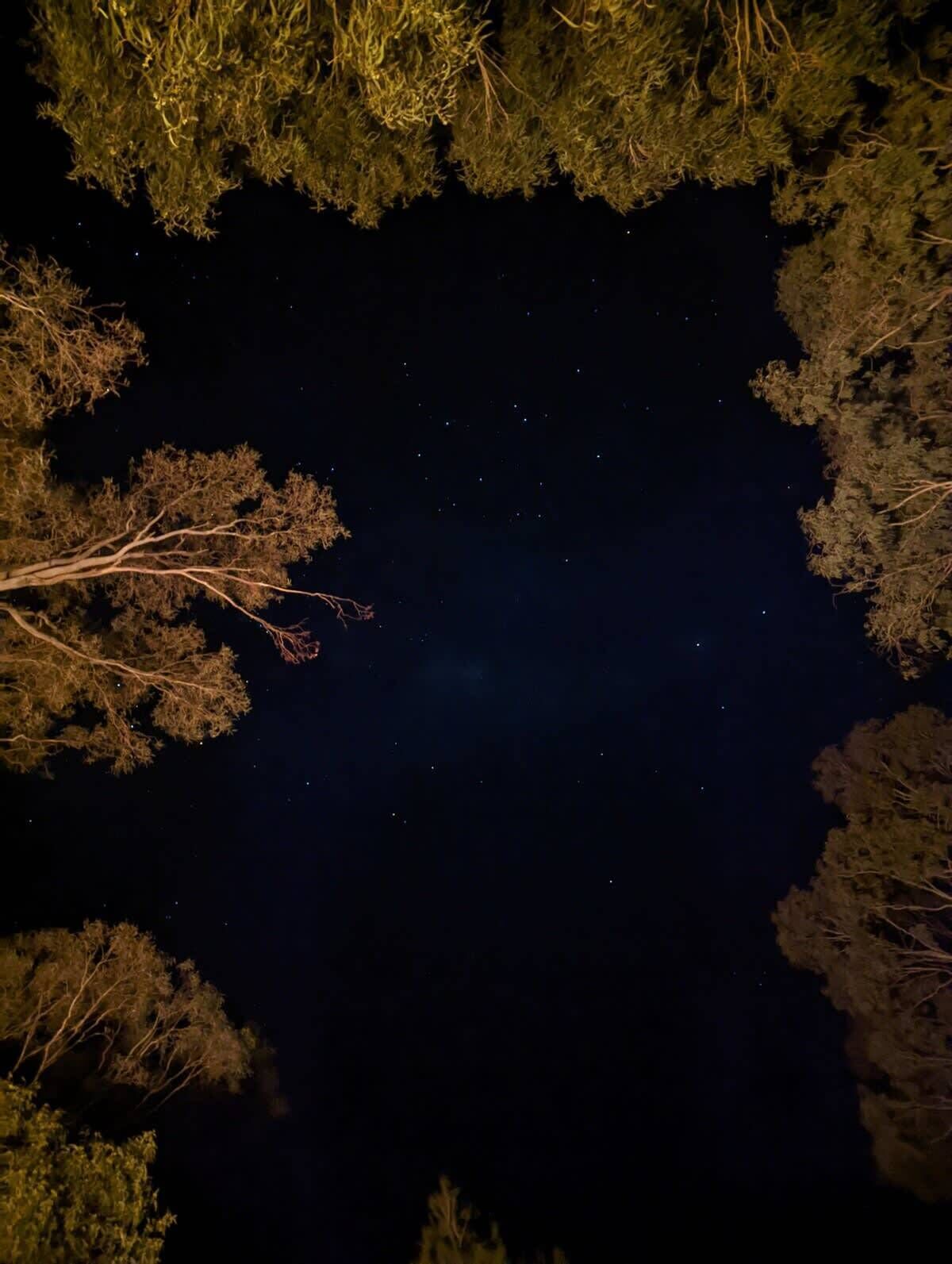 A night sky viewed from beneath tree branches, with stars visible.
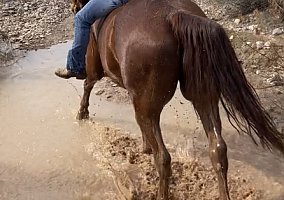 Missouri Fox Trotter (Missouri Fox Trotter, Gelding) in Queen Creek, AZ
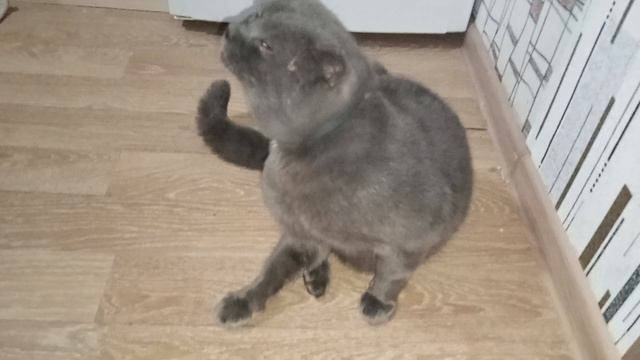 Кекс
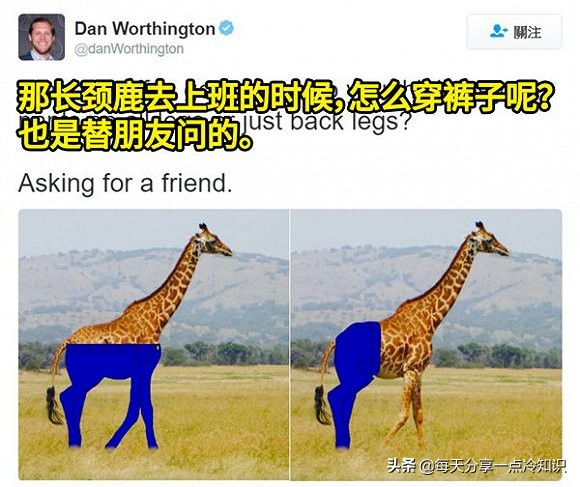 长颈鹿动物冷知识,长颈鹿有趣冷知识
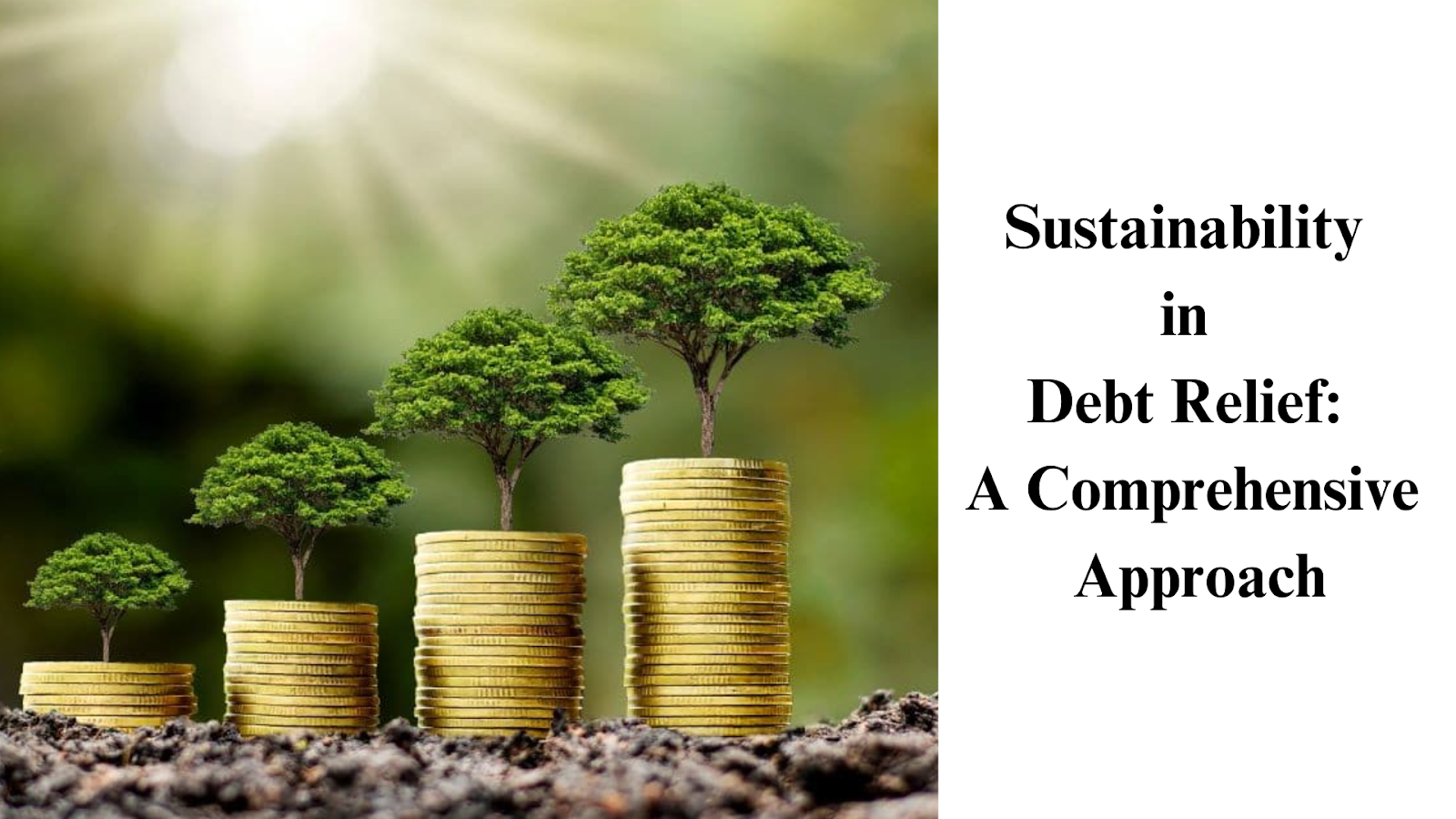 Sustainability in Debt Relief: A Comprehensive Approach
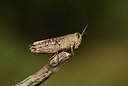 BUITEN BEELD Foto: 385528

================

Exercise requirements.
The material above is to be repeated word for word, with no images kept.

Task result.
 A night sky viewed from beneath tree branches, with stars visible.
 Missouri Fox Trotter (Missouri Fox Trotter, Gelding) in Queen Creek, AZ
 Кекс
 长颈鹿动物冷知识,长颈鹿有趣冷知识
 Sustainability in Debt Relief: A Comprehensive Approach
 BUITEN BEELD Foto: 385528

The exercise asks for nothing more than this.